Abolir le statut d’espèce nuisible, en parallèle du développement de méthodes bienveillantes pour gérer les populations des espèces concernées, dans la nature comme en ville.
Reconsidérer l’approche générale de l’utilisation des animaux par la science, l’industrie et le monde universitaire
Promouvoir le développement des méthodes alternatives aux expérimentations animales et la sensibilisation à la condition animale et à l’éthique pour les médecins, vétérinaires et chercheurs.
Programmer l’interdiction des expériences animales dans la recherche fondamentale, et assurer l’application et le renforcement de la législation existante en matière d’expérimentation. Programmer
l’interdiction des expérimentations sur les animaux pour tous les produits cosmétiques, d’entretien et de consommation courante.
Dans l’éducation et la formation, mettre fin à l’utilisation d’animaux et développer les méthodes d’enseignement alternatives, sauf exceptions rares dûment justifiées où l’on pourra utiliser un nombre déterminé de cadavres issus de morts naturelles.
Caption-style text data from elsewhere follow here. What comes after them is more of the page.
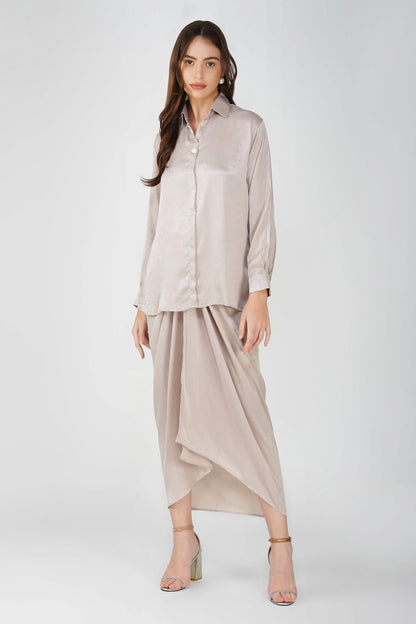 Nura Drape Skirt Set – Champagne Glow (3-Piece Set)
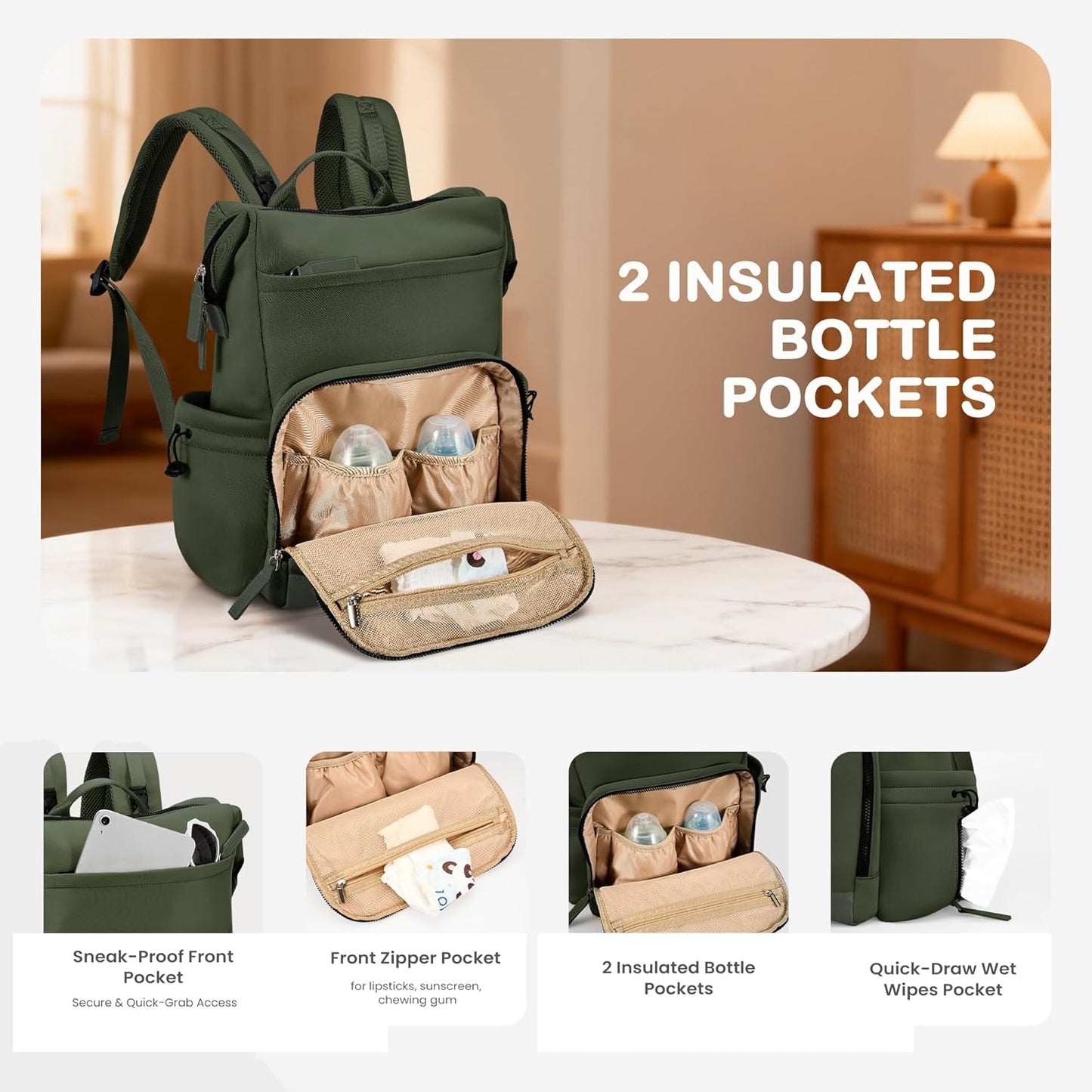 VONAL Neoprene Diaper Bag Backpack with Changing Pad, 33L Large Capacity Neoprene Backpack Baby Diaper Bag with Insulated Pockets, Travel Diaper Backpack Baby with 12 Pockets for Mom & Dad, Green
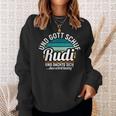 Und Gott Schuf Rudi Sweatshirt, Cooles Spruch-Sweatshirt in Schwarz Geschenke für Sie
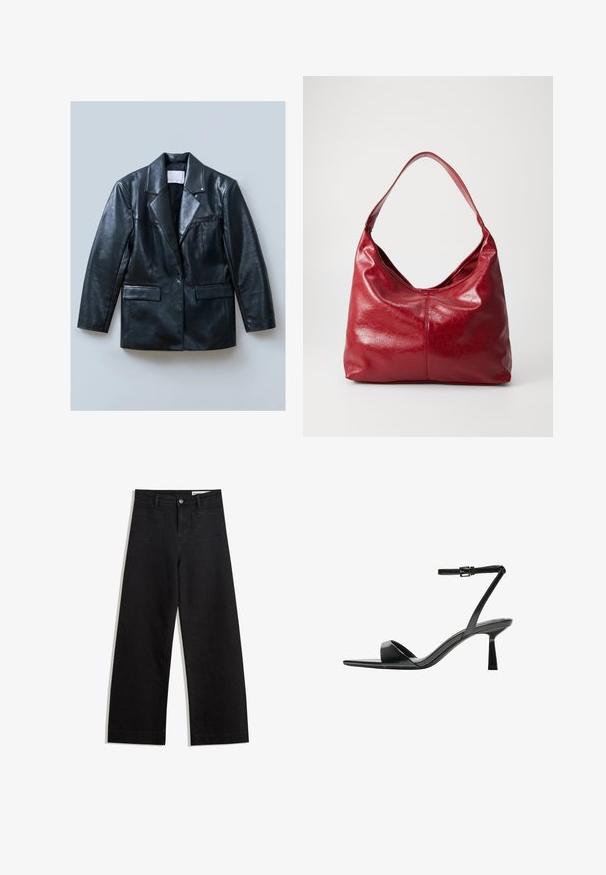 Sort læderblazer med spids revers, enkelt knaplukning, to forlommer og en glat, skinnende tekstur.; Hvid langærmet t-shirt lavet af ribbet stof med rund halsudskæring og lige skæring i kanten. Enkel, ensfarvet design.; Sorte wide-leg denim bukser med høj talje, der har front- og baglommer, syede sømme og en knaplukning. Glat tekstur.; Bershka Højhælede sandaletter / Højhælede sandaler - black; Rød læder hobo taske med en blød, tekstureret overflade, en enkelt skulderrem og en rund, slaskende form.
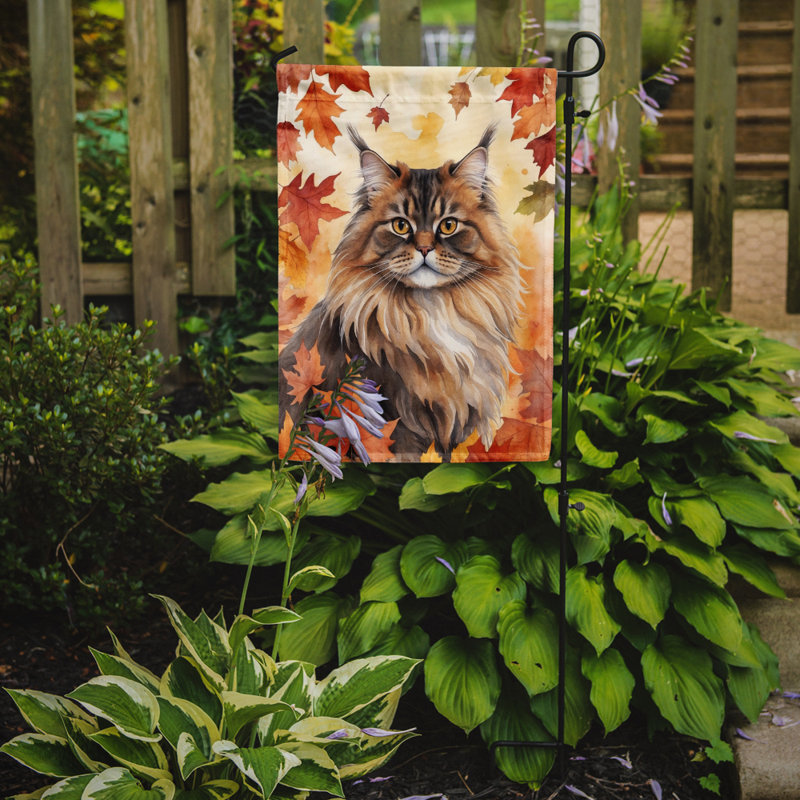 Chat en feuilles d'automne drapeau de jardin, British Longhair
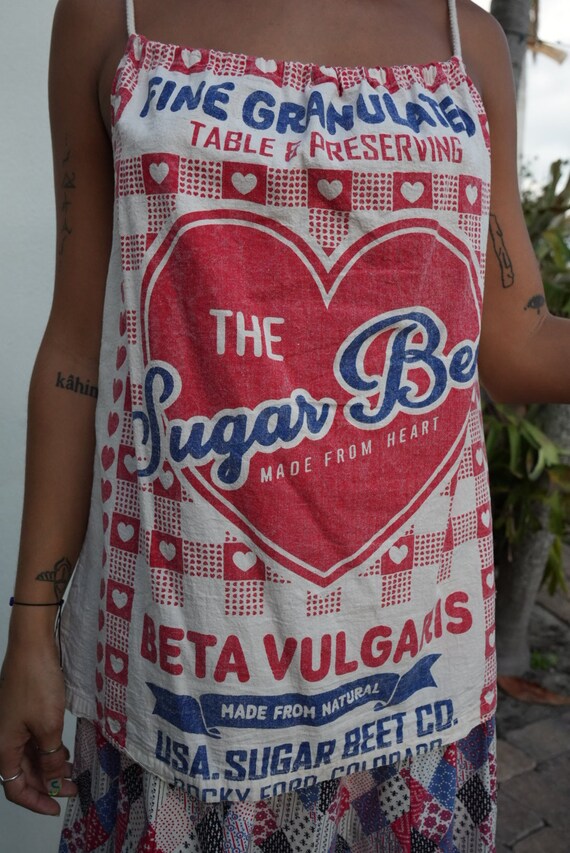 Sugar Feedsack Vintage Tank Top with Rope Straps … - image 5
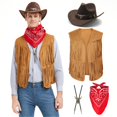 thumbnail image 1 of Chaleco vaquero Joerita Western con borlas para hombre, 1 of 8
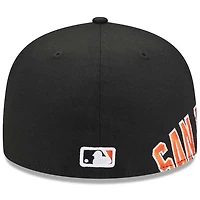 San Francisco Giants Black Team Name Arch Patch Gray UV 59FIFTY Fitted Hat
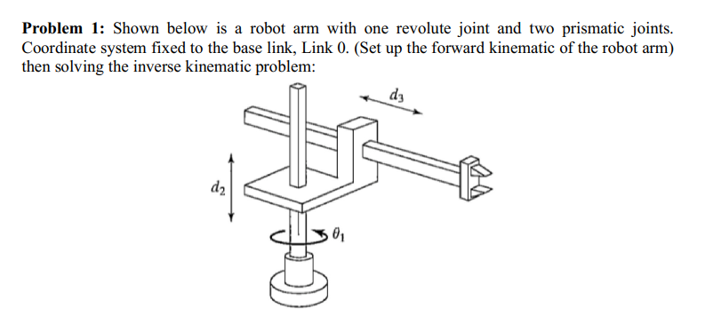 Solved Problem 1: Shown below is a robot arm with one | Chegg.com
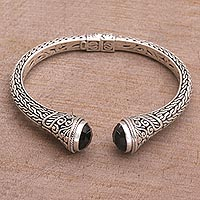 Onyx cuff bracelet, 'Onyx Shrine' - Onyx and Sterling Silver Cuff Bracelet from Indonesia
Instituer une « clause de conscience » pour les étudiants, enseignants et chercheurs qui refusent de pratiquer des expériences sur des animaux.
Offrir une sensibilisation systématique au monde animal, au rapport à l’animal, à l’éthique dans les programmes scolaires et pour tous les professionnels d’activités impliquant un travail, direct ou indirect, avec des animaux.
Former et sensibiliser les représentants des forces de l’ordre, les agents des services publics et les magistrats sur ces questions.
Approfondir la législation en matière de droits des animaux, incluant la question de leur statut juridique
Former les forces de l’ordre et les magistrats aux textes relatifs au droit des animaux (code civil, code pénal, code rural et de la pêche maritime, directives européennes) car, en dépit de la reconnaissance pour les animaux de la qualité « d’être sensible » par le code civil, leur situation n’évolue guère, tant ces textes sont mal connus et mal appliqués.
Reconnaître la personnalité juridique de certains animaux (modalités et périmètre à préciser avec des experts du sujet et des représentants du monde associatif spécialisé agréés par l’État).
Permettre aux associations de protection animale de se porter partie civile sur les articles du code rural et de la pêche maritime.
Développer la coopération internationale en matière de défense de l’animal et de la nature.